Yarbrough Chester K, Ong Charlene J, Beyer Alexander B, Lipsey Kim, Derdeyn Colin P
From the Department of Neurological Surgery (C.K.Y., C.P.D.), Department of Neurology (C.J.O., C.P.D.), Bernard Becker Medical Library (K.L.), and Mallinckrodt Institute of Radiology (C.P.D.), Washington University School of Medicine, St. Louis, MO; and Washington University School of Medicine, St. Louis, MO (A.B.B.).
Stroke. 2015 Nov;46(11):3177-83. doi: 10.1161/STROKEAHA.115.009847. Epub 2015 Sep 22.
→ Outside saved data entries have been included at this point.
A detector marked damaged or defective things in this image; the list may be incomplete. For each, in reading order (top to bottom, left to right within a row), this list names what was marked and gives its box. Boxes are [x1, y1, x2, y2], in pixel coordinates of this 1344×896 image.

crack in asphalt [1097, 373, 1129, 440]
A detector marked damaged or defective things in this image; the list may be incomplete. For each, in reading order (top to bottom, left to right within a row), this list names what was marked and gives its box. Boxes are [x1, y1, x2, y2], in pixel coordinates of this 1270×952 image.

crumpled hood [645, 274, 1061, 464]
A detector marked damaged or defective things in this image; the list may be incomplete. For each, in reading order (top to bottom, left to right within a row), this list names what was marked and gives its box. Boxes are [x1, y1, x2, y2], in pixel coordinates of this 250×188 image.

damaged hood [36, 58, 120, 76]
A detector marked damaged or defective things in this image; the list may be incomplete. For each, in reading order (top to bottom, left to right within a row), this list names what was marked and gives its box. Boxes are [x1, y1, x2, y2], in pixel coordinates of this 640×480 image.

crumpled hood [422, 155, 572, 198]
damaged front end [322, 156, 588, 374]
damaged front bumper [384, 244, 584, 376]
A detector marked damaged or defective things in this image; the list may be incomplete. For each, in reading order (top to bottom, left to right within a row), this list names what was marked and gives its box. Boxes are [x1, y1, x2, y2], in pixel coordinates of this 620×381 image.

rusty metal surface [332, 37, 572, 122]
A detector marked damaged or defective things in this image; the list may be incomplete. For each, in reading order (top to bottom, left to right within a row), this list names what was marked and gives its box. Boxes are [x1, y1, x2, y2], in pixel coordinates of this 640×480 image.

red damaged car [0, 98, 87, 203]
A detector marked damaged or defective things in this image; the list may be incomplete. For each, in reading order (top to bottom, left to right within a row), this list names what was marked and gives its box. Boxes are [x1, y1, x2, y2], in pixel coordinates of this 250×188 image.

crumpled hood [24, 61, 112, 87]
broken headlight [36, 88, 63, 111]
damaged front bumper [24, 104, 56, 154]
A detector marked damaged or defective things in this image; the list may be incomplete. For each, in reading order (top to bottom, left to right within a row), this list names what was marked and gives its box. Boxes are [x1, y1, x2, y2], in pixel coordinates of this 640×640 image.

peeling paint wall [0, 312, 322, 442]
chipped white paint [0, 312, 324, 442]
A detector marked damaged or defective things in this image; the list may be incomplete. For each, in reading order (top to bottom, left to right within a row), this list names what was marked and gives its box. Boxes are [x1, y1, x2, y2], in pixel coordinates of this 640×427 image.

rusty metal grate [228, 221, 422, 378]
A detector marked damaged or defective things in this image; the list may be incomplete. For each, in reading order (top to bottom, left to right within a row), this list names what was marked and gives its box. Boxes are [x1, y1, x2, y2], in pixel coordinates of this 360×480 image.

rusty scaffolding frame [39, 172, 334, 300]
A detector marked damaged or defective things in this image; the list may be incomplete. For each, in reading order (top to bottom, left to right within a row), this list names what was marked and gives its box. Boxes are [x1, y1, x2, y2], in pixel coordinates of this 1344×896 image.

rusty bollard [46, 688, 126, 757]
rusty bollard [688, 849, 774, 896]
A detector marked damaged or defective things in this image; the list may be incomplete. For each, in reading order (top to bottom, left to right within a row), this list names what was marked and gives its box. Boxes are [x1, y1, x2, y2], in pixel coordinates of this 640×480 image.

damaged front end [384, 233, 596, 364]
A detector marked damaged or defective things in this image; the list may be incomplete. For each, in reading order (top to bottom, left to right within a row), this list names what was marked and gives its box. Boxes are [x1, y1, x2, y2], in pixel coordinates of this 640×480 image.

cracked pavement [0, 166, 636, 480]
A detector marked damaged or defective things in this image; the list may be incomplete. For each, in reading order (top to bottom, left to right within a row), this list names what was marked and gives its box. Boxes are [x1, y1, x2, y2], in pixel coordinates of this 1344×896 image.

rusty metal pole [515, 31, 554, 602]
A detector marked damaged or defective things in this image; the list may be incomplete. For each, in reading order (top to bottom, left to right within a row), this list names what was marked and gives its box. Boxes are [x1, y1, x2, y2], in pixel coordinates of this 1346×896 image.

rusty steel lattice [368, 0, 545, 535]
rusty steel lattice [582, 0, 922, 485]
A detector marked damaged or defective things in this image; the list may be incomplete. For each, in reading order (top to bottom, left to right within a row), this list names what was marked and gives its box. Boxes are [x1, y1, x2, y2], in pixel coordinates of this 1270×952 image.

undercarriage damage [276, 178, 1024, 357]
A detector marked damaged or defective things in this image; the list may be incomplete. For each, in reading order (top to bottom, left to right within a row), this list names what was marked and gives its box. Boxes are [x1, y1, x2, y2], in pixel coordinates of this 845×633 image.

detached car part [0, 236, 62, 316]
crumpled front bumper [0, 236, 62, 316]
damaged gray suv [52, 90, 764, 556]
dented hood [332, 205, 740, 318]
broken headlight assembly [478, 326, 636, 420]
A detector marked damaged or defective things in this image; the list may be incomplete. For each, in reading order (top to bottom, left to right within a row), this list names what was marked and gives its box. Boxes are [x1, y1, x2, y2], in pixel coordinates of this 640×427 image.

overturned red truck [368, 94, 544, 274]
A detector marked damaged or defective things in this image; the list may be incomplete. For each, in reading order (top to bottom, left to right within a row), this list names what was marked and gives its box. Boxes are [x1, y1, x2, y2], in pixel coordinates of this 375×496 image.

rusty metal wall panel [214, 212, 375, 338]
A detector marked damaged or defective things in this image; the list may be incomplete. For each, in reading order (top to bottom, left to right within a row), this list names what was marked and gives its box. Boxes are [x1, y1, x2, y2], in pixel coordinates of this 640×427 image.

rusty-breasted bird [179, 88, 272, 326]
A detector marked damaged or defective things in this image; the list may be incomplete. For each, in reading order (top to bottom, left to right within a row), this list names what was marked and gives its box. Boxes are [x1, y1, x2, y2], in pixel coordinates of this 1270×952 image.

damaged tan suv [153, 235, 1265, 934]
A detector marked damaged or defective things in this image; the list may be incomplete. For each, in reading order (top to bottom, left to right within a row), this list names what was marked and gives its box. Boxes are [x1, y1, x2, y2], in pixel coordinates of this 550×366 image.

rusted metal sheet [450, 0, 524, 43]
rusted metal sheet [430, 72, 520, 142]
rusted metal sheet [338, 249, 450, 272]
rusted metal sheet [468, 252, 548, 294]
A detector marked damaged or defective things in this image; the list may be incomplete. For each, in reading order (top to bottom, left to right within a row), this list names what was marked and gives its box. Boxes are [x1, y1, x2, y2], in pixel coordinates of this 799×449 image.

BACKGROUND AND PURPOSE: Stroke affects ≈700,000 patients annually. Recent randomized controlled trials comparing endovascular thrombectomy (ET) with medical therapy, including intravenous thrombolysis (IVT) with tissue-type plasminogen activator, have shown effectiveness of ET for some stroke patients. The study objective is to evaluate the effect of ET on good outcome in stroke patients. METHODS: We searched PubMed, Embase, Web of Science, SCOPUS, ClinicalTrials.gov, and Cochrane databases to identify original research publications between 1996 and 2015 that (1) reported clinical outcomes in patients for stroke at 90 days with the modified Rankin Scale; (2) included at least 10 patients per group; (3) compared outcome with a control arm, and (4) included anterior circulation strokes in each arm. Two authors reviewed articles for inclusion independently. RESULTS: Nine of 23 809 studies met inclusion criteria. In primary analysis, ET was associated with increased odds for good outcome (odds ratio [OR], 1.75; 95% confidence interval [CI], 1.20-2.54). In secondary analysis, younger patients (OR, 1.85; 95% CI, 1.50-2.28), older patients (OR, 1.93; 95% CI, 1.10-3.37), patients receiving intravenous thrombolysis (OR, 1.83; 95% CI, 1.46-2.31), patients with worse strokes (OR, 2.23; 95% CI, 1.56-3.18), and patients with more moderate strokes (OR, 1.72; 95% CI, 1.36-2.18) had increased odds for good outcome. Symptomatic intracranial hemorrhage and mortality were similar between ET and control patients. No evidence of publication bias was seen. CONCLUSIONS: ET improves good outcomes after anterior circulation stroke. ET should be strongly considered for all patients presenting within 6 hours of onset with a stroke affecting a proximal, anterior circulation vessel without a contraindication to ET.
背景与目的:中风每年影响约70万名患者。近期将血管内血栓切除术(ET)与包括使用组织型纤溶酶原激活剂进行静脉溶栓(IVT)在内的药物治疗进行比较的随机对照试验表明,ET对部分中风患者有效。本研究目的是评估ET对中风患者良好预后的影响。 方法:我们检索了PubMed、Embase、Web of Science、SCOPUS、ClinicalTrials.gov和Cochrane数据库,以确定1996年至2015年间的原始研究出版物,这些出版物需满足以下条件:(1)使用改良Rankin量表报告中风患者90天时的临床结局;(2)每组至少包括10名患者;(3)将结局与对照组进行比较;(4)每组均纳入前循环中风患者。两名作者独立审查文章以确定是否纳入。 结果:23809项研究中有9项符合纳入标准。在初步分析中,ET与良好预后几率增加相关(优势比[OR],1.75;95%置信区间[CI],1.20 - 2.54)。在二次分析中,年轻患者(OR,1.85;95% CI,1.50 - 2.28)、老年患者(OR,1.93;95% CI,1.10 - 3.37)、接受静脉溶栓的患者(OR,1.83;95% CI,1.46 - 2.31)、中风病情较重的患者(OR,2.23;95% CI,1.56 - 3.18)以及中风病情中等的患者(OR,1.72;95% CI,1.36 - 2.18)的良好预后几率增加。ET组和对照组患者的症状性颅内出血和死亡率相似。未发现发表偏倚的证据。 结论:ET可改善前循环中风后的良好预后。对于发病6小时内出现影响近端前循环血管且无ET禁忌证的中风患者,应强烈考虑采用ET治疗。